The world population is currently growing by approximately 83 million people each year. Growth rates are slowing to various extents within different populations with result of the overall population growth rate decreasing from 1.55% per year in 1995 to 1.25% in 2005, 1.18% in 2015 and 1.10% in 2017. The median estimate for future growth sees the world population reaching 8.6 billion in 2030, 9.8 billion in 2050 and 11.2 billion by 2100 assuming a continuing decrease in average fertility rate from 2.5 births per woman in 2010–2015 to 2.2 in 2045–2050 and to 2.0 in 2095–2100, according to the medium-variant projection. With longevity trending towards uniform and stable values worldwide, the main driver of future population growth is the evolution of the fertility rate.

While most scenarios still predict continued growth into the 22nd century, there is a roughly 27% chance that the total population could stabilize or begin to fall before 2100. Longer-term speculative scenarios over the next two centuries can predict anything between runaway growth to radical decline (36.4 billion or 2.3 billion people in 2300), with the median projection showing a slight decrease followed by a stabilization around 9 billion people.
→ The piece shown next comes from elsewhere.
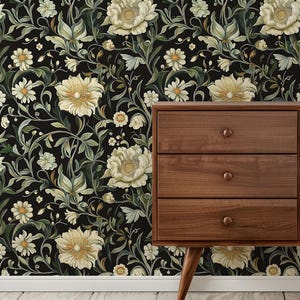 Dark Green Art Nouveau Wallpaper Vintage William Morris Accent Moody Floral Removable Wall Mural Botanical Peel + Stick Wall Paper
By 2070, the bulk of the world's population growth is predicted to take place in Africa: of the additional 2.4 billion people projected between 2015 and 2050, 1.3 billion will be added in Africa, 0.9 billion in Asia and only 0.2 billion in the rest of the world. Africa's share of global population is projected to grow from 16% in 2015 to 25% in 2050 and 39% by 2100, while the share of Asia will fall from 60% in 2015 to 54% in 2050 and 44% in 2100. The strong growth of the African population will happen regardless of the rate of decrease of fertility, because of the exceptional proportion of young people already living today. For example, the UN projects that the population of Nigeria will surpass that of the United States by 2050. The population of the more developed regions is slated to remain mostly unchanged, at 1.2 billion, as international migrations from high-growth regions compensate the fertility deficit of richer countries.